Waterfall chart pattern in Matplotlib - Time & Space Complexity
We want to understand how the time to draw a waterfall chart changes as the data size grows.
How does the number of steps affect the work matplotlib does to build the chart?
Analyze the time complexity of the following code snippet.
import matplotlib.pyplot as plt
values = [100, -30, 20, -10, 40]
cumulative = [0]
for v in values:
cumulative.append(cumulative[-1] + v)
plt.bar(range(len(values)), values, bottom=cumulative[:-1])
plt.show()
This code builds a simple waterfall chart by stacking bars based on cumulative sums.
Identify the loops, recursion, array traversals that repeat.
- Primary operation: Loop over the list of values to compute cumulative sums and draw bars.
- How many times: Once for each value in the input list.
Each new data point adds one more bar and one more cumulative sum calculation.
| Input Size (n) | Approx.
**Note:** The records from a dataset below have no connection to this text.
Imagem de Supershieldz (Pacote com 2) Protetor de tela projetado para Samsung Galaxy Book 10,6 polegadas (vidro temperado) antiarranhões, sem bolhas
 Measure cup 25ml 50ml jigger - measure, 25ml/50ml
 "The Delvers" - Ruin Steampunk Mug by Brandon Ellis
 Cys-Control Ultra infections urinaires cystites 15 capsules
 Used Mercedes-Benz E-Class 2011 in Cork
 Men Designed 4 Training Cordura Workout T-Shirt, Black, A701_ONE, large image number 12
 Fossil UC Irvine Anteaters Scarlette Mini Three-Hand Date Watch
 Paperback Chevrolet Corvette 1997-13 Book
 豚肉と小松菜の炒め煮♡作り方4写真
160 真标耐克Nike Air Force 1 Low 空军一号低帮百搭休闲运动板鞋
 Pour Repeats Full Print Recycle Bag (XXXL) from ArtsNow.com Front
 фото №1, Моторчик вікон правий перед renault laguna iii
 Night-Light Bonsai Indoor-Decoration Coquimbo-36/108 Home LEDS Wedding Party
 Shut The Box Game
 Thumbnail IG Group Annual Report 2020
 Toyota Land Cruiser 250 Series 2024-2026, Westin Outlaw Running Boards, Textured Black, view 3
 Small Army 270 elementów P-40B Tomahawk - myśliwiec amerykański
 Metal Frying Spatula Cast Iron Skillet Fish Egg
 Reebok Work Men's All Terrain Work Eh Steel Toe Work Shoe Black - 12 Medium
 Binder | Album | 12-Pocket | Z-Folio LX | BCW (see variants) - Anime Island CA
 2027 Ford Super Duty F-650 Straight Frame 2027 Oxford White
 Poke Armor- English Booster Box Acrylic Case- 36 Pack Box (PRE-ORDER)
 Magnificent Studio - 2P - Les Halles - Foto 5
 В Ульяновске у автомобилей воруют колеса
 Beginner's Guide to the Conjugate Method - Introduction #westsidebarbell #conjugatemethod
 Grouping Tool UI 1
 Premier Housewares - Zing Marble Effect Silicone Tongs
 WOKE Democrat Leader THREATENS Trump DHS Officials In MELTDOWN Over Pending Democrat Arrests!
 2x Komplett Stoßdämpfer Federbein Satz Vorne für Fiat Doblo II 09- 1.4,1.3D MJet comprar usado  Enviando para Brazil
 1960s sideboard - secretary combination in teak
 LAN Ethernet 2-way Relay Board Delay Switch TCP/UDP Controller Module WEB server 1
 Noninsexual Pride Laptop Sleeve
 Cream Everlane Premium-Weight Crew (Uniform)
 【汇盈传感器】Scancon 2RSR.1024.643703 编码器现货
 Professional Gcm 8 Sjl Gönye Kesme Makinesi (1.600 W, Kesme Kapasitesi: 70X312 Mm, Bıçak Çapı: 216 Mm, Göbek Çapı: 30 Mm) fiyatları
Operations |
|---|---|
| 10 | About 10 cumulative sums and 10 bars drawn |
| 100 | About 100 cumulative sums and 100 bars drawn |
| 1000 | About 1000 cumulative sums and 1000 bars drawn |
Pattern observation: The work grows directly with the number of data points.
Time Complexity: O(n)
This means the time to create the waterfall chart grows in a straight line as the data size increases.
[X] Wrong: "Drawing a waterfall chart takes the same time no matter how many bars there are."
[OK] Correct: Each bar requires calculations and drawing steps, so more bars mean more work.
Understanding how chart drawing time grows helps you explain performance in data visualization tasks clearly and confidently.
What if we added nested loops to compare each bar with every other bar? How would the time complexity change?